Gonzaga chegava geralmente pela madrugada, depois dos shows, com seus músicos e convidados, como Marinês e Dominguinhos. Anunciava-se com um "Hôôi!", o chamamento com jeito de aboio de vaqueiro. Hildelito abria as portas e, enquanto preparava a dormida dos convidados, Luiz sentava ao sofá e puxava o acordeom para mostrar as músicas mais recentes e conversar com o anfitrião e sua esposa, dona Fátima.

Hildelito Parente, no Crato Fotos: Viviane Pinheiro
No café da manhã, tomava apenas café preto e pão. "Uma vez, amanheceu perguntando: ´Tem pão?´ e Fátima disse: ´seu Luiz, a menina foi ali comprar, espere só um pouquinho´. E ele repetia, como se ela não tivesse dito nada: ´Tem pão?´ E ela: ´Ouxe, seu Luiz, é só um minutinho, chega já!´. E vendo que já tinha enfezado a anfitriã, arrematava: ´Tem... pão bonito esse, né?´", conta Parente, entre risos.

Sanfoneiro e compositor, apesar de ter seguido a carreira de funcionário público, Parente chegou a compor duas músicas para Gonzagão: "Bandinha de Fé", do álbum "Capim Novo" (1976), e "Eu sou do Banco", gravada no disco "Eu e meu Pai", de 1979.

Padrinho
Se em Araripe residia um Gonzaga família e no Crato um Gonzaga fraterno, a Juazeiro o músico dedicou sua porção religiosa. Adotou Padre Cícero Romão por padrinho e gravou cerca de uma dezena de músicas em sua homenagem, entre elas: "Viva Meu Padim", "Juazeiro a Crato", "Nordeste Sangrento", "Cheia de 24", "Légua Tirana", "Xote dos Cabeludos" e "Beata Mocinha". Esta última, segundo o sanfoneiro juazeirense Jota Farias, 59, foi o primeiro bendito a Padre Cícero a ser gravado.

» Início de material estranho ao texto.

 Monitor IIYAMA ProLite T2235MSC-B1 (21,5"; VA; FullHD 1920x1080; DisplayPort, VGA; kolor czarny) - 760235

"Os pais de Gonzaga eram analfabetos, mas muito religiosos. Ele mesmo dizia: ´Não sei como Mãe Santana debulhava os terço em latim, tirava as novena!´. Até o nome dele, Luiz, foi uma homenagem a Santa Luzia", explica Farias.

Quando conheceu Gonzaga, Jota já seguia a carreira artística. Manuel do Exu, um amigo, o apresentou ao Rei do Baião. Gonzaga estava de saída, "avexado" como se diz, mas houve tempo tirar uma brincadeira.

"Jota Faria? E porque não faz?", disse Gonzagão. Chegaram a acertar uma participação no disco de Jota, mas Luiz adoeceu e faleceu. Em seu velório, lá estava o cantor aguardando a chegada do avião.

Apesar do atraso de quatro horas, uma multidão esperava no aeroporto de Juazeiro. "Gonzagão pediu que seu corpo passasse por Juazeiro para ser abençoado pelo Padim. Mas quando o avião chegou, Gonzaguinha não queria deixar que se fizesse uma cerimônia. A multidão era tão grande que o corpo de bombeiros precisou isolar a área. Foi quase uma hora Monsenhor Murilo tentando negociar com Gonzaguinha, até que ele deixou", revela Farias. O que era para ser uma passagem rápida se tornou uma cerimônia demorada, com violeiros, sanfoneiros e cantadores.